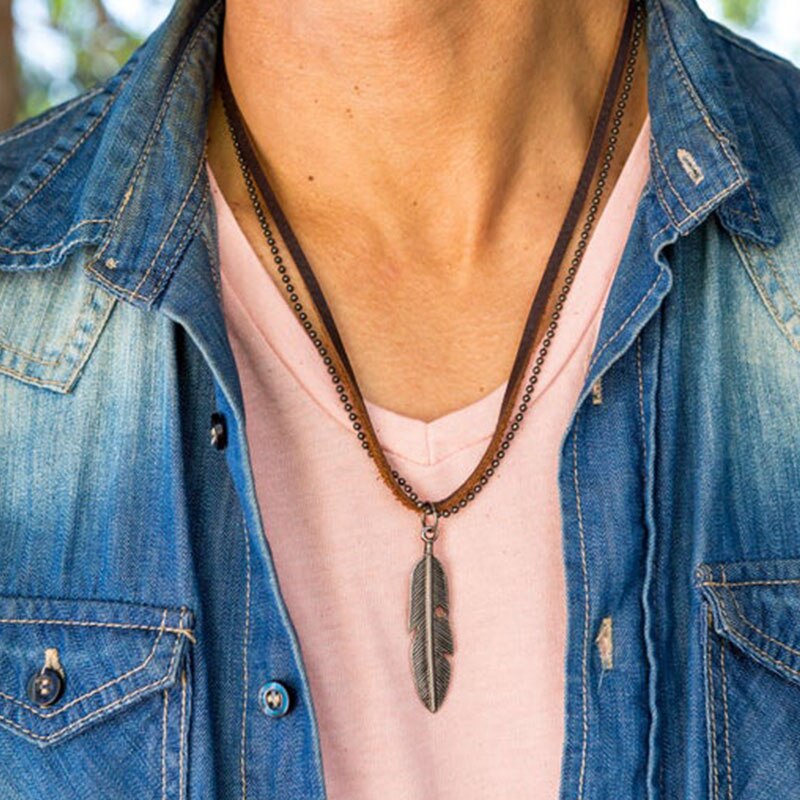 Leather Necklace Men's Necklaces  Boho Necklace  Men's Leather Necklace Feather Necklace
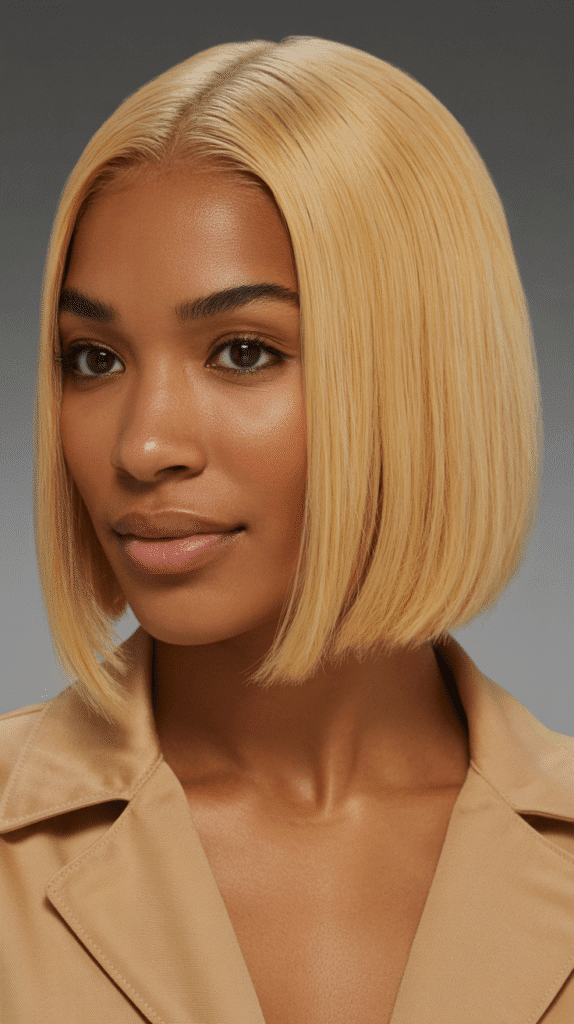 30 Fabulous Blonde Bob Hairstyles for Black Women You'll Love 1 Classic Chin-Length Blonde Bob
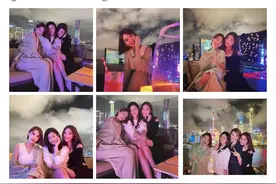 杨丞琳陈妍希阿Sa上海滩聚会，杨丞琳好娇羞陈妍希大白腿太抢镜图片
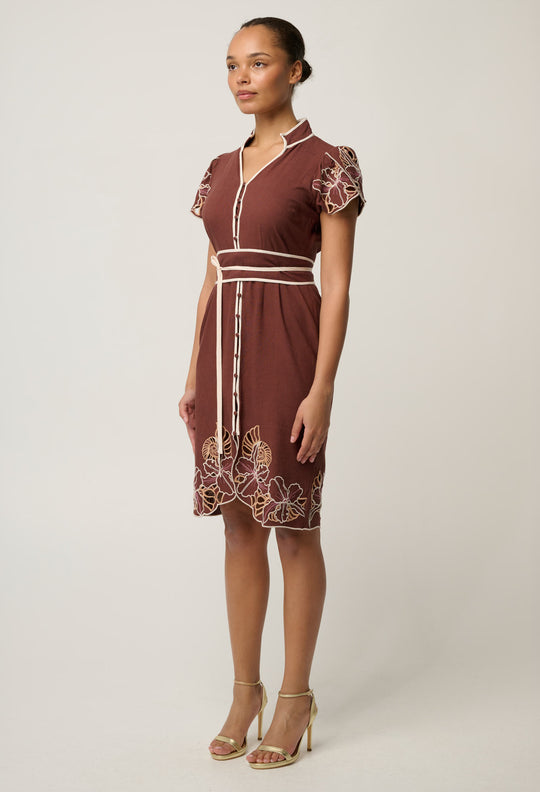 Ivy Linen Viscose Embroidery Detail Dress in Rosewood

| Exercise aim |
Go through the material above and print all of it exactly, except the pictures.

| Solution to the exercise |
 Leather Necklace Men's Necklaces  Boho Necklace  Men's Leather Necklace Feather Necklace
 30 Fabulous Blonde Bob Hairstyles for Black Women You'll Love 1 Classic Chin-Length Blonde Bob
 杨丞琳陈妍希阿Sa上海滩聚会，杨丞琳好娇羞陈妍希大白腿太抢镜图片
 Ivy Linen Viscose Embroidery Detail Dress in Rosewood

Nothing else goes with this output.